This is the number one reason to scrape websites. It's always nice when there's an API with documentation and rate limiting rules you can follow. Sometimes the data I need just isn't there, though. Then I open up their site and find a huge amount of private API endpoints that do exactly what I want. Then I open up a ticket about it and it gets 200 replies but they ignore it for years. It's fucking stupid and it's really no wonder people scrape their site.
Why would Amazon wish to provide you with easy to access data on their products and prices when you could either be a competitor wishing to undercut those prices, or be a scraper company hired by such a competitor?
In what universe is providing such a straightforward way of helping a competitor considered sane business practice?
Most sellers who are on Amazon platform give Amazon that information and a lot more, knowing full well Amazon will use their sales data to launch an Amazon Basics competitior.

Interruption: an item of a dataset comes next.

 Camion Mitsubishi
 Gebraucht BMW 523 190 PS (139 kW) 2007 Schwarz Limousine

It is a sane business approach when you are a pragmatic business who knows the limits that constrain your business.
Either the content company is going to build a simple API (could be just a static CSV file hosted on S3 or whatever) with useful information or try to monetize/hide this information and force scapers to use the website .

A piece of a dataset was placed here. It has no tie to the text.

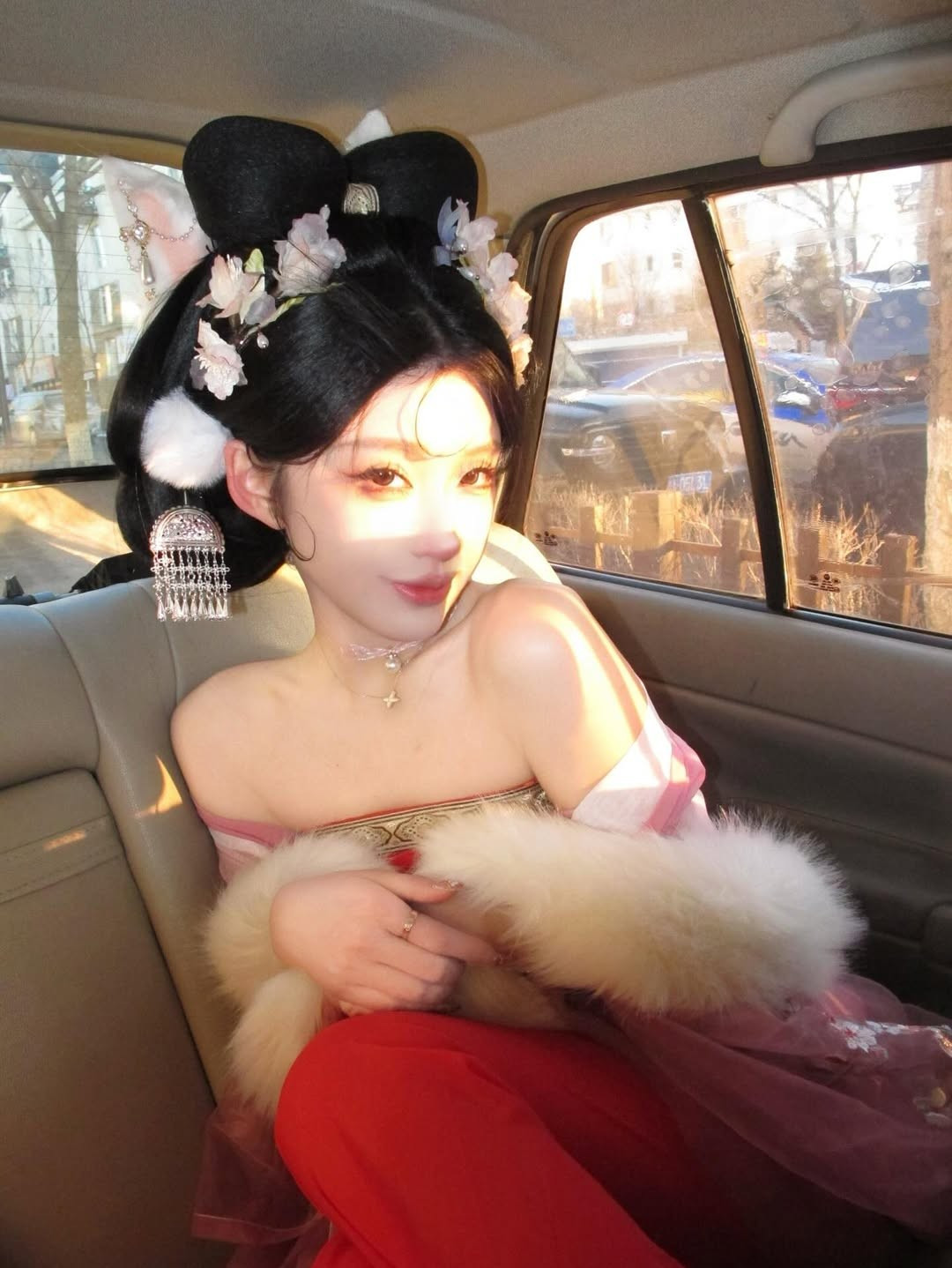 Bên cạnh các bức ảnh ngoại cảnh, một số bức ảnh chụp trong xe hơi với ánh sáng vàng ấm áp chiếu từ cửa sổ cũng làm nổi bật nét kiêu sa của Yuzi. (Ảnh: IGNV)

A bot is always going to win unless you want to make users also a lot of friction. In the era of deepfakes and fairly robust AI tooling the difference between bot action and humann action is not all that much.
If you are going to be agressive with captcha , IP blocks and other fingerprinting, users who get identified false positive.or annpyed would leave.
When the cost of losing those users is more than allowing access to scrapers,you would absolutely setup the API.
You don't know what data they needed. Maybe they needed reviews or product descriptions. The API doesn't cover everything but it does cover the exact use case I was replying to.
Markets are competitive and efficient when all parties have full information. If Amazon doesn't want its prices to be known amd finds ways to successfully prevent them from being scrapes, in some sense the state should force it to disclose them via API (or something equivalent)
Is it not viable to put majority of your data behind a login and so the bots only get a very limited snapshot while legitimate users get it through a free login?
I’m asking this because I’m going through very similar situation and would love to see other opinions around this.
If you make your scraper well, and it counterfeits being a real user believably, you end up with a solution that can be tweaked as needed to handle whatever traps people put in to try to defeat your scrapers.
If you make your api client well, you don't have the problems of a scraper - but if the api owner decides to change rules for api and you can't do what your business is based on being able to do (think of api owner as Twitter) then you need to make a scraper.
Wait, why wouldn't you have rate limiting on your API? Providers like Cloudflare offer this although I guess you could roll your own too since our industry loves to reinvent the wheel.
Does your API provide all the information that can be found on the site, or are they scraping because the API is incomplete?
We've once had to scrape Amazon product pages because they have a lot of API endpoints, but those didn't contain the data we needed.